Une nuit de cauchemar à Kamina

L’acte le plus récent s’est joué à Kamina, une base militaire où des ex-combattants du Congrès national pour la défense du peuple (CNDP), le mouvement politico-militaire de Laurent Nkunda se sont affrontés à l’arme légère, de dimanche 17 vers 19 heures jusque lundi 18 février vers 7 heures contre des commandos des FARDC, tous au brassage à la base de Kamina (BAKA), dans le Katanga.

Ces informations ont été livrées par la MONUC qui confirme que les affrontements auraient débuté à la suite d’une altercation entre des militaires en formation (brassage) à la BAKA et qui auraient dégénéré en confrontation.

Le commandant de cette base, le Général Mbuja Mabe a indiqué que 27 militaires, dont 16 ex-combattants CNDP, 10 commandos FARDC et un civil, seraient blessés, sérieusement pour certains, et seraient évacués vers l’hôpital de la base. On n’a déploré aucun décès, heureusement. Mais ce bilan n’est que provisoire et pourrait s’alourdir, a-t-il précisé.

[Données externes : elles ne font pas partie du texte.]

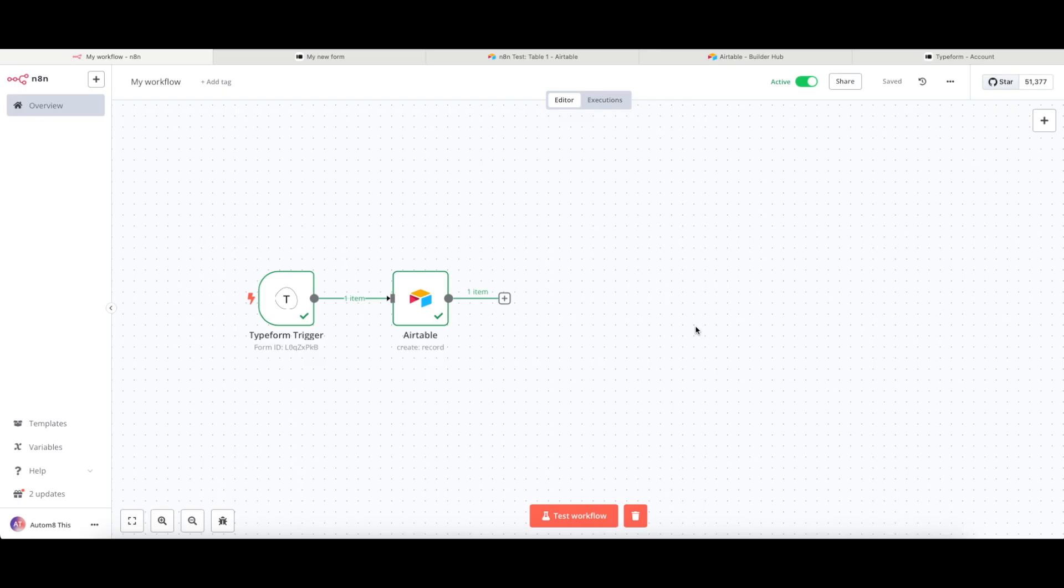In future videos, we'll have a look at how to connect lots of these different applications and use webhook triggers and all kinds of other stuff that makes real simple workflows and some incredibly complex ones. But for now, that's just a real basic overview of how N8N works.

Une délégation composée de plusieurs officiers des FARDC, conduite par le chef d’État-major de la force terrestre, le général Gabriel Amisi dit «Tango Four», est arrivée lundi 18 février à Kamina, à 600 km au nord-ouest de Lubumbashi, en provenance de Kinshasa, pour examiner la situation.

Le CNDP multiplie des situations explosives

Déjà vendredi 15 février dans la mi-journée, des «policiers» fidèles au chef rebelle Nkundabatware n’ont pas hésité d’ouvrir le feu sur des Casques bleus sud-africains venus à la rescousse des populations prises en étau par les nkundistes, après sommation pour vérification d’identité, a indiqué un communiqué de la MONUC. Ces Casques bleus de la base opérationnelle mobile de la MONUC de Tongo, dans le Rutshuru voulaient comprendre les coups de feu provenant du village de Rushovo, à proximité de leur base.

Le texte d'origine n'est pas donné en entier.